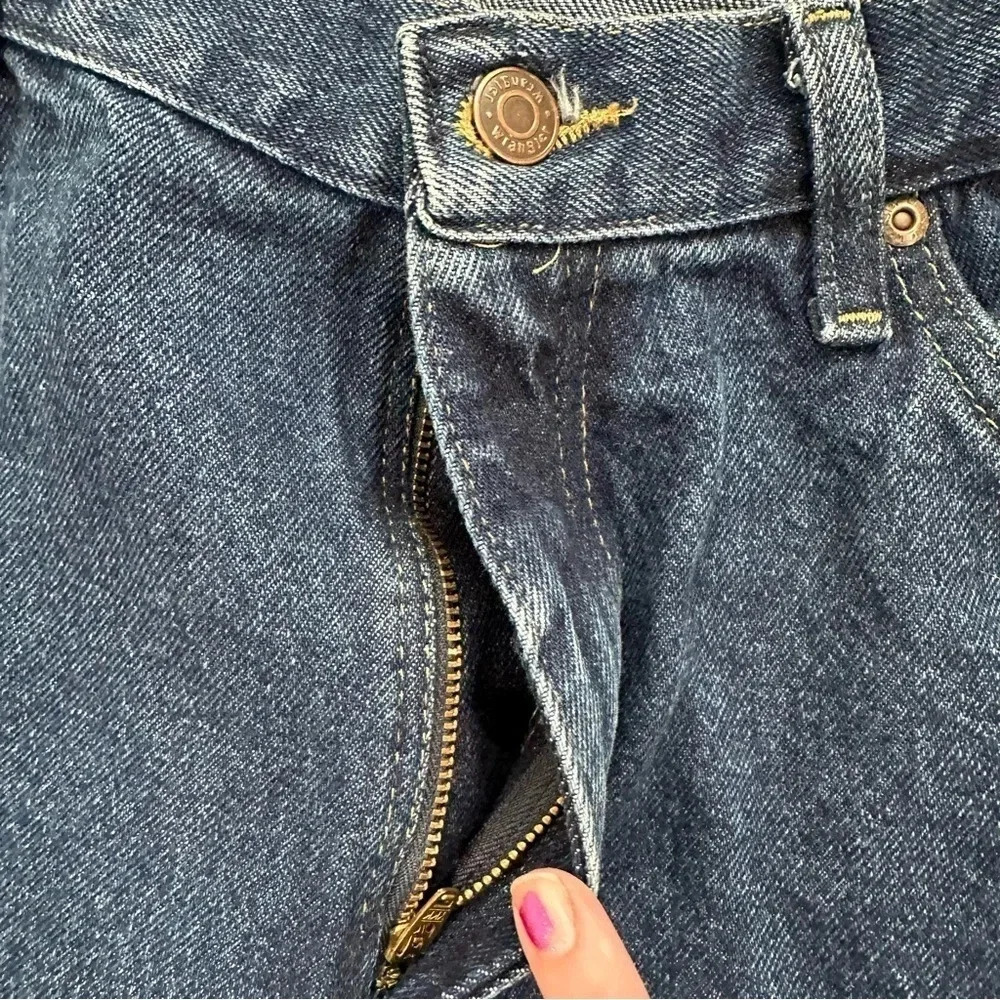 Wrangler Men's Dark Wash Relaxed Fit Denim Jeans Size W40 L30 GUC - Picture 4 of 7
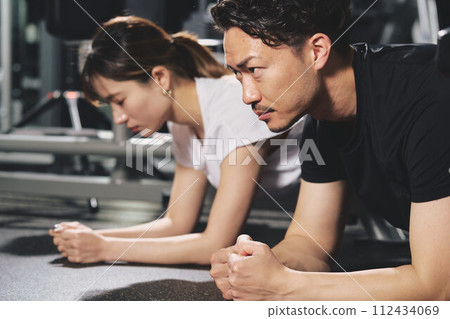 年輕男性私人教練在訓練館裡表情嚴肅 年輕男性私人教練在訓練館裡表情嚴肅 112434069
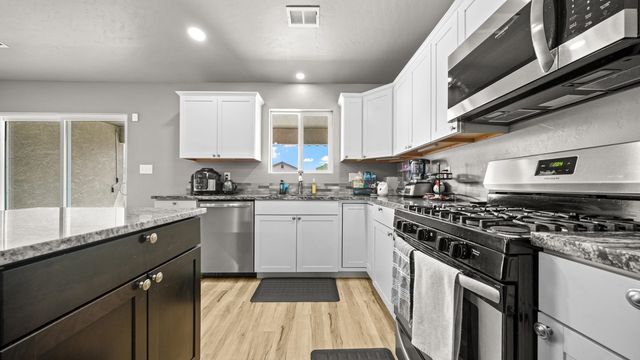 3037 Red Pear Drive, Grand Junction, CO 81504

....

◆ Task to complete ◆
Every line above needs to be written out again as it stands. Pictures do not belong in the copy.

◆ Task result ◆
 Wrangler Men's Dark Wash Relaxed Fit Denim Jeans Size W40 L30 GUC - Picture 4 of 7
 年輕男性私人教練在訓練館裡表情嚴肅 年輕男性私人教練在訓練館裡表情嚴肅 112434069
 3037 Red Pear Drive, Grand Junction, CO 81504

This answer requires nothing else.